Storage, retrieval, analysis and visualization of Network Science data pose formidable research and development challenges. In particular, the underlying data model for Network Science applications is based on graph-structured data. Queries on such data sets are based on the structural properties of graphs, in addition to the values of attributes. These demand new solutions. And these data sets are large.

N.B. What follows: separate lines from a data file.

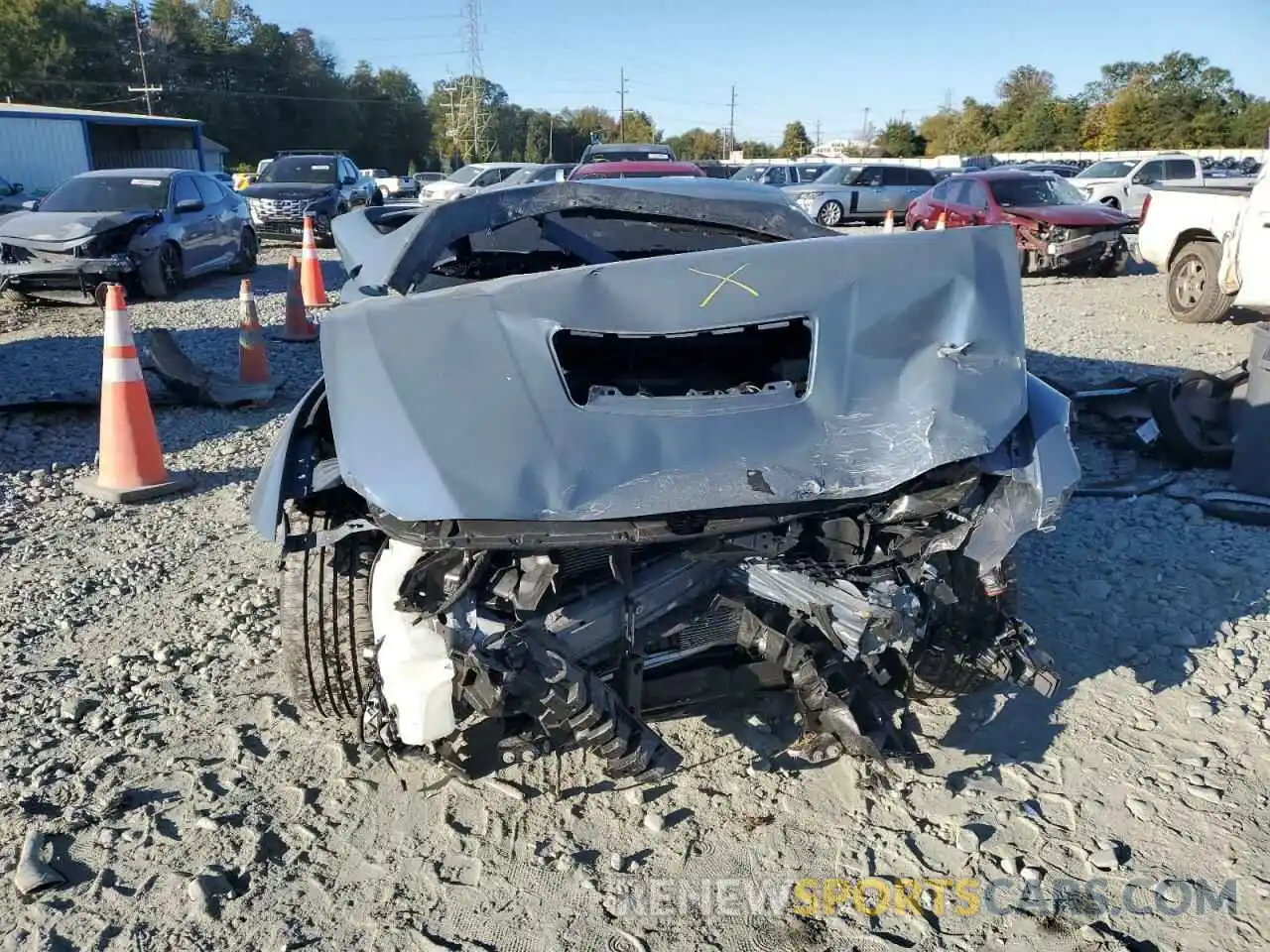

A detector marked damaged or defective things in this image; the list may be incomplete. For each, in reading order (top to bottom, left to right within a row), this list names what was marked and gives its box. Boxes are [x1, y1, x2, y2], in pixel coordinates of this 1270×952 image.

shattered windshield [259, 157, 337, 183]
shattered windshield [1077, 160, 1137, 178]
shattered windshield [40, 176, 170, 213]
shattered windshield [990, 179, 1091, 209]
crumpled car hood [0, 209, 158, 246]
wrecked gray car [0, 170, 257, 302]
damaged front bumper [0, 254, 136, 301]
crumpled car hood [318, 223, 1031, 523]
torn sheet metal [318, 224, 1031, 525]
wrecked gray car [247, 178, 1081, 781]
detached car part [250, 182, 1081, 786] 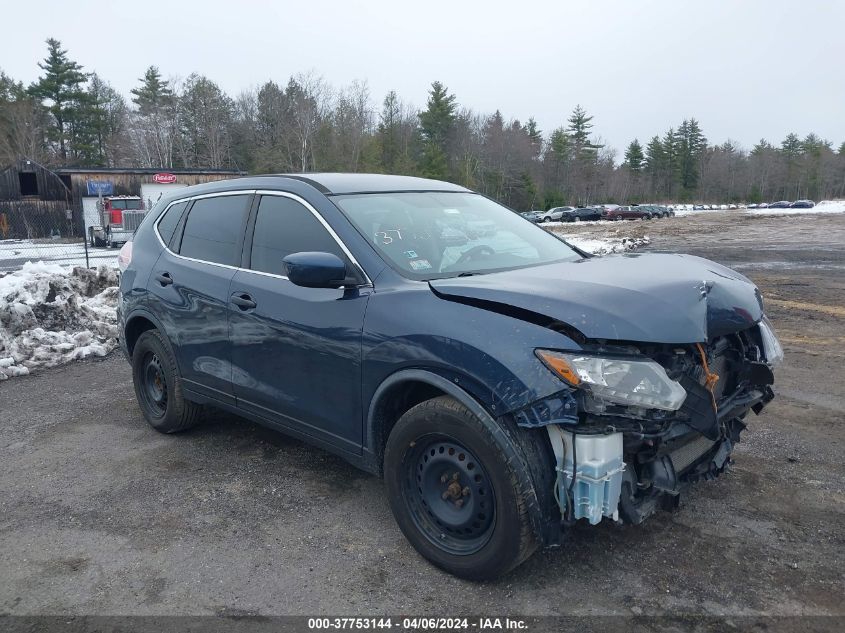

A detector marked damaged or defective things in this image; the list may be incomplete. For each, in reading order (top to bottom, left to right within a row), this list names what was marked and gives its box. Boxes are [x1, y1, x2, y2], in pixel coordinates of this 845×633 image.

For example, an available Wikipedia set is approximately 180GB gzipped, a Twitter dataset contains 467 million posts, and the California Highway Sensor Network dataset covers data from 14 thousand sensors in 12 Districts for 6 years resulting in 600GB gzipped. Some of the datasets are also dynamic in nature, for example, the Wikipedia dataset has over 4 million articles, which are edited by about 40 thousand editors performing about 4 million edits per month. The Wikipedia data set has 0.5 billion unique visitors and 9 billion views per day.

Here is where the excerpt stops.